• Prompt:
Omit the images. Reproduce each line of the records exactly as it appears.

• Listed records:
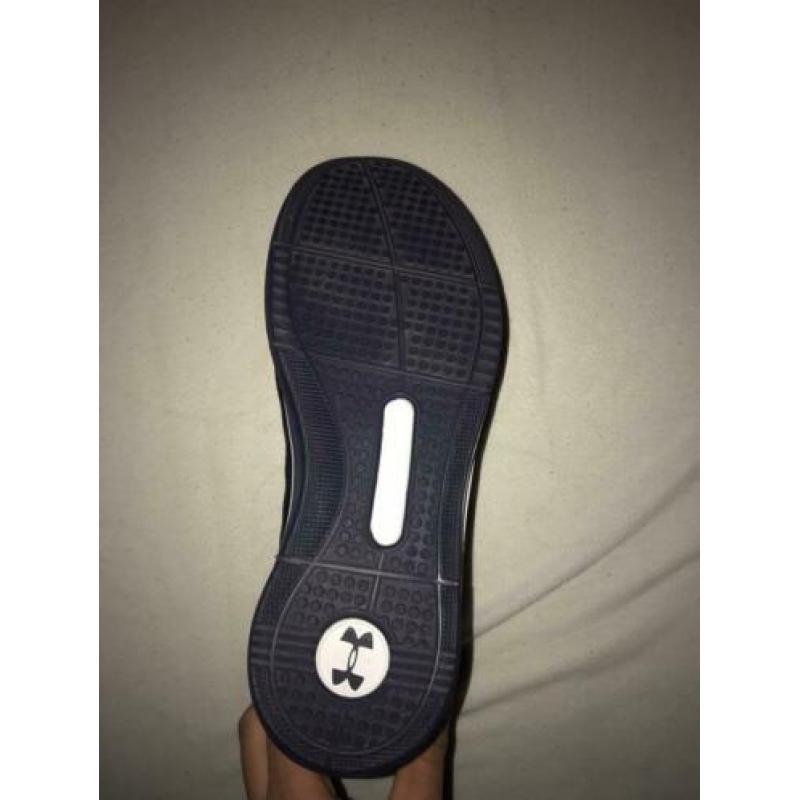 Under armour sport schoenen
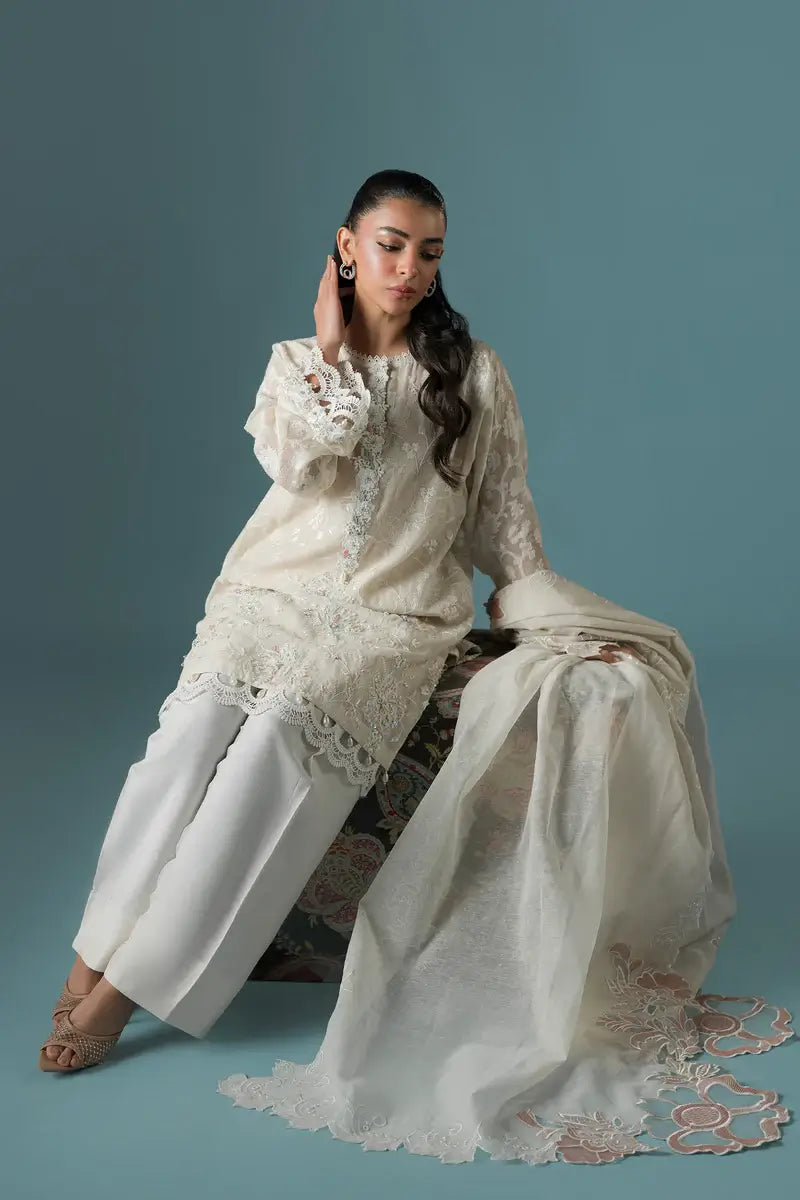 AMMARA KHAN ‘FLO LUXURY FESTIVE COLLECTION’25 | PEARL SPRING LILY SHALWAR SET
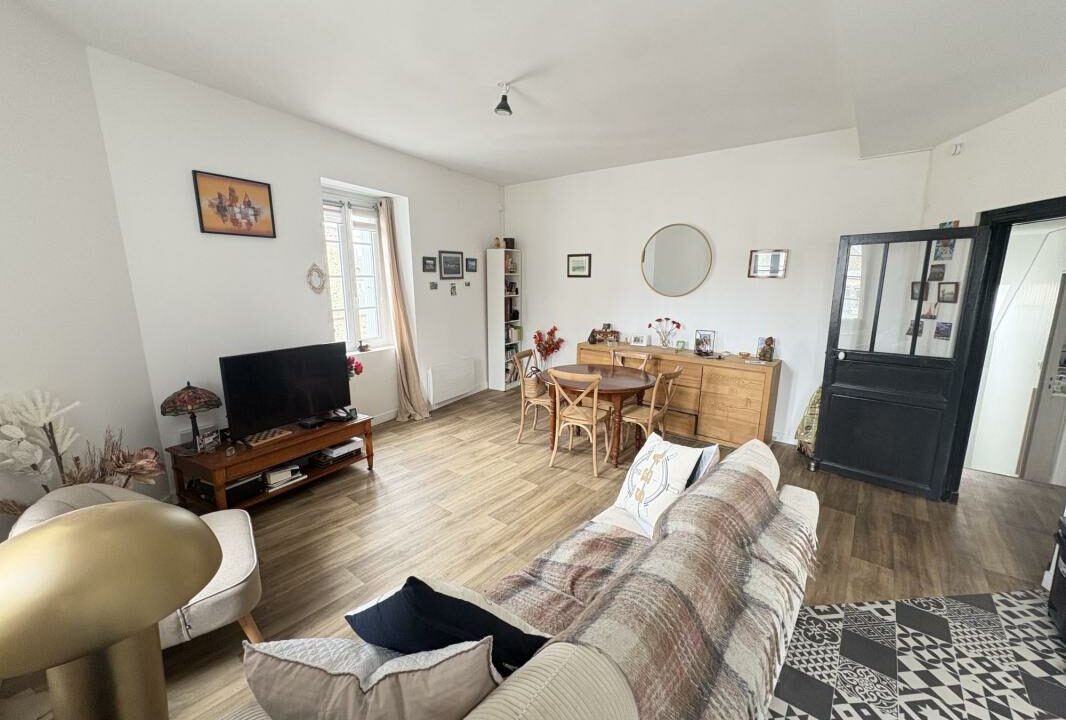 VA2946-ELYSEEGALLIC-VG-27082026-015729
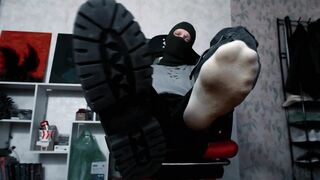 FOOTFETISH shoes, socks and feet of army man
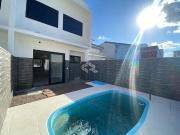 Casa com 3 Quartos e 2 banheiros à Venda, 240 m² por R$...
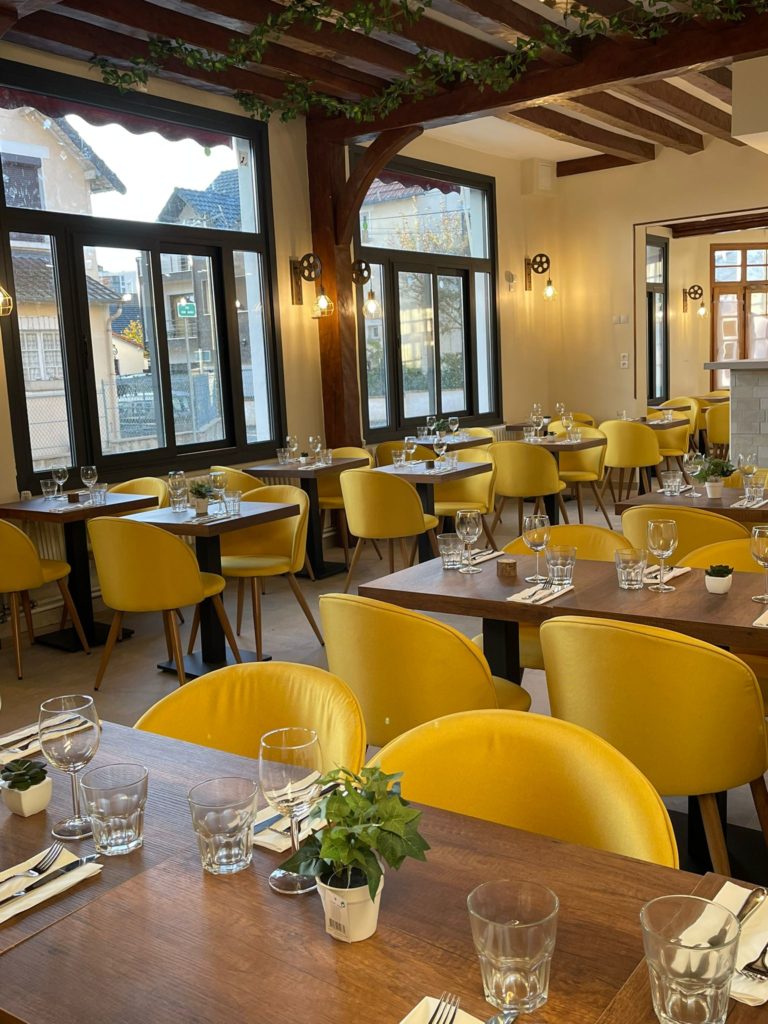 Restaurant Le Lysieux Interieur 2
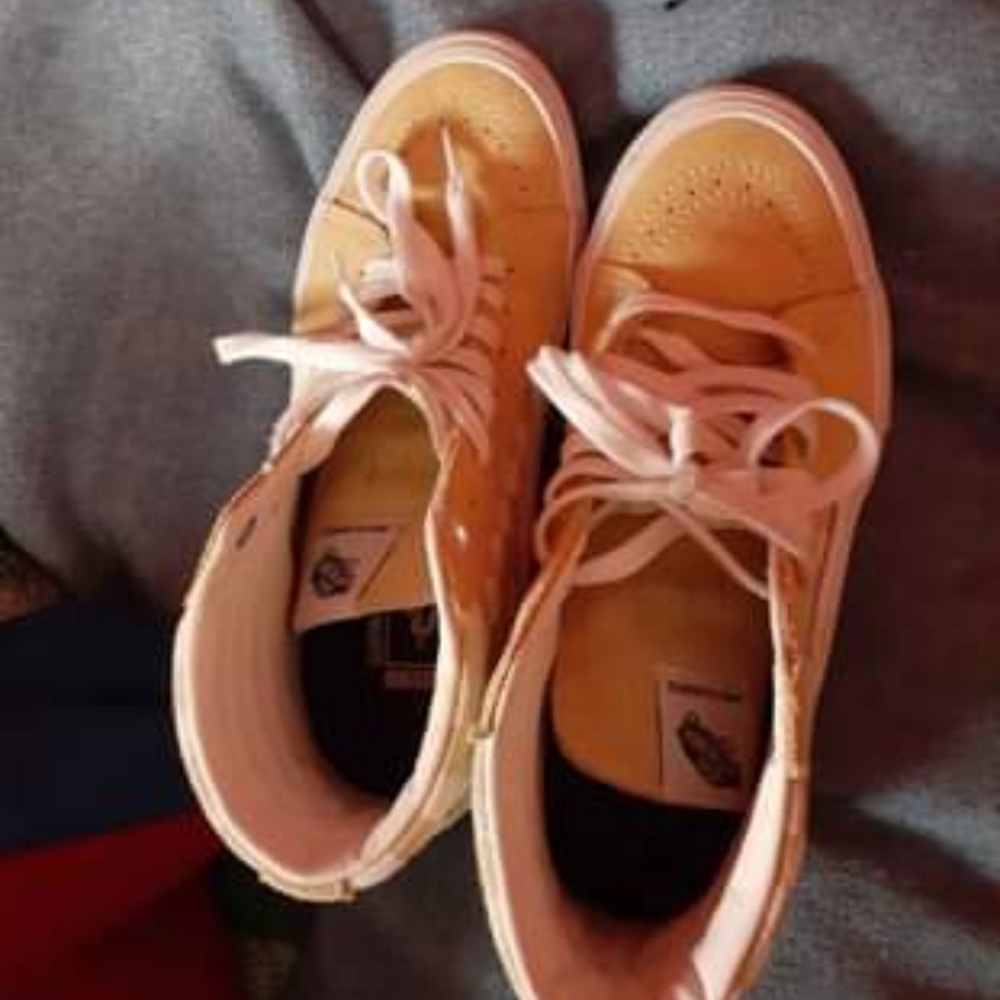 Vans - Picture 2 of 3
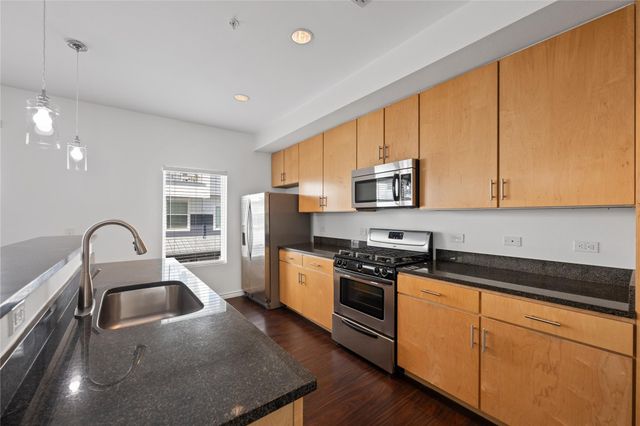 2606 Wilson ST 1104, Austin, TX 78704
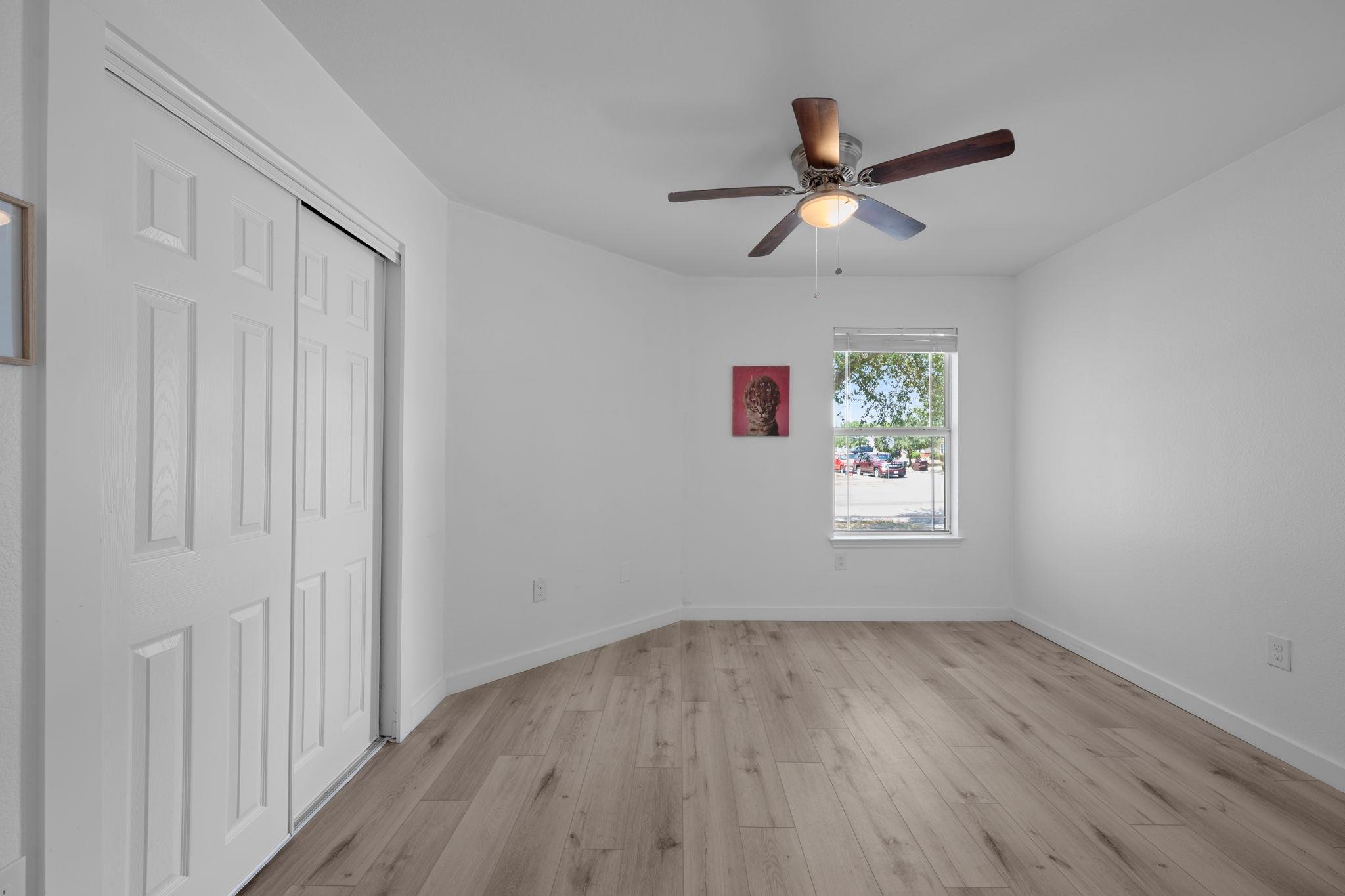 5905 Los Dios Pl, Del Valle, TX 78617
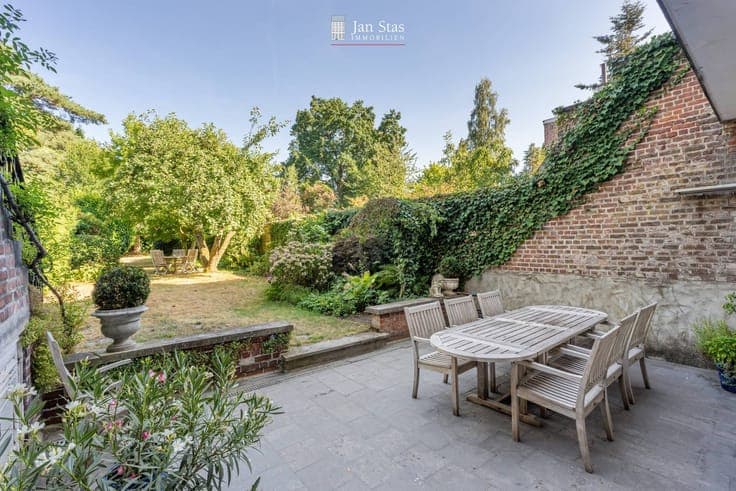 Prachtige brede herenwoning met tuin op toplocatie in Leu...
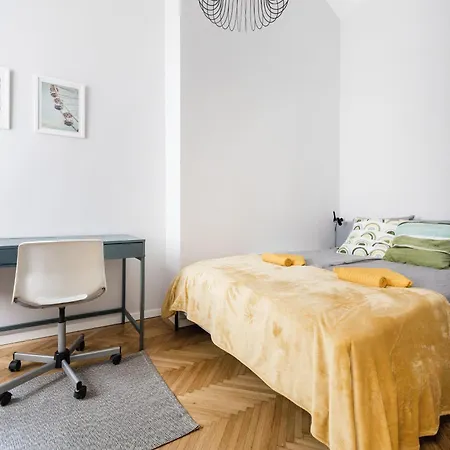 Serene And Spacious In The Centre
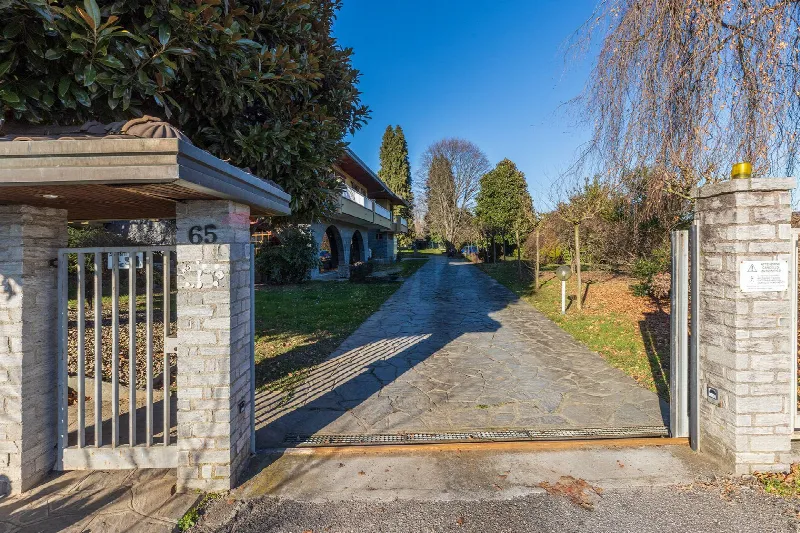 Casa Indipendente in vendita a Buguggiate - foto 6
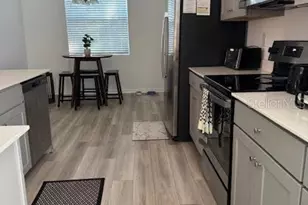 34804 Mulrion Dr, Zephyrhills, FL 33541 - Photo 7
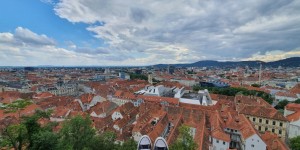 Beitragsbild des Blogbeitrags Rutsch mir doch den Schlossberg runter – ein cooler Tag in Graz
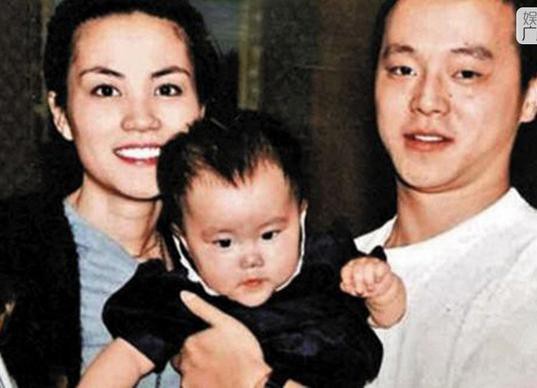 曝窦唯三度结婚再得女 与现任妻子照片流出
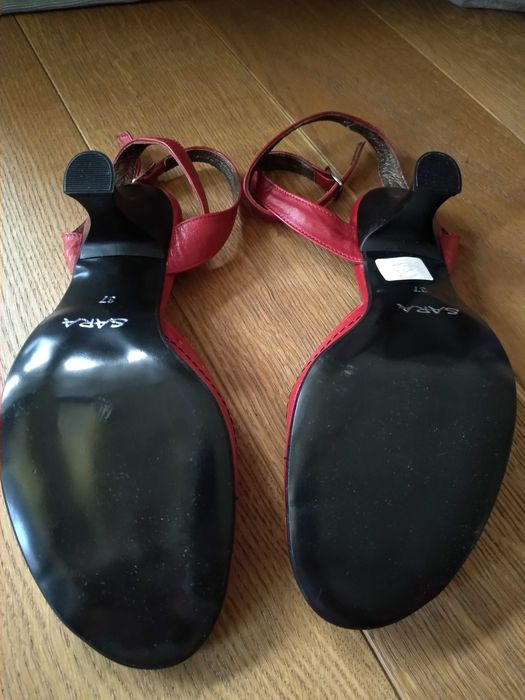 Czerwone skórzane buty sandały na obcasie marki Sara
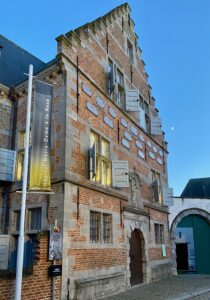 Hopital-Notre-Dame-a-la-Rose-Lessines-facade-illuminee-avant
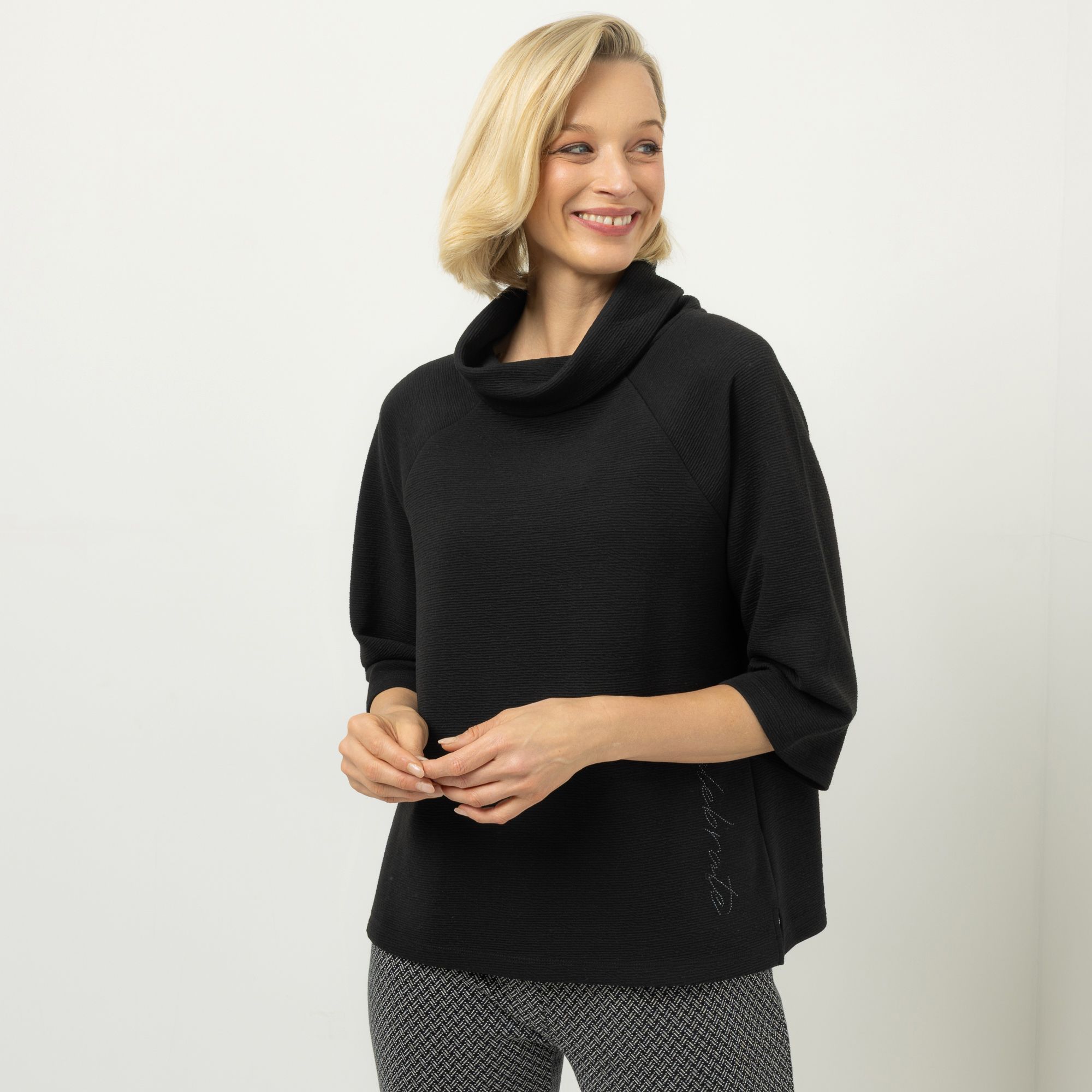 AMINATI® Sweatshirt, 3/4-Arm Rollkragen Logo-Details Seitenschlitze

• Task response:
 Under armour sport schoenen
 AMMARA KHAN ‘FLO LUXURY FESTIVE COLLECTION’25 | PEARL SPRING LILY SHALWAR SET
 VA2946-ELYSEEGALLIC-VG-27082026-015729
 FOOTFETISH shoes, socks and feet of army man
 Casa com 3 Quartos e 2 banheiros à Venda, 240 m² por R$...
 Restaurant Le Lysieux Interieur 2
 Vans - Picture 2 of 3
 2606 Wilson ST 1104, Austin, TX 78704
 5905 Los Dios Pl, Del Valle, TX 78617
 Prachtige brede herenwoning met tuin op toplocatie in Leu...
 Serene And Spacious In The Centre
 Casa Indipendente in vendita a Buguggiate - foto 6
 34804 Mulrion Dr, Zephyrhills, FL 33541 - Photo 7
 Beitragsbild des Blogbeitrags Rutsch mir doch den Schlossberg runter – ein cooler Tag in Graz
 曝窦唯三度结婚再得女 与现任妻子照片流出
 Czerwone skórzane buty sandały na obcasie marki Sara
 Hopital-Notre-Dame-a-la-Rose-Lessines-facade-illuminee-avant
 AMINATI® Sweatshirt, 3/4-Arm Rollkragen Logo-Details Seitenschlitze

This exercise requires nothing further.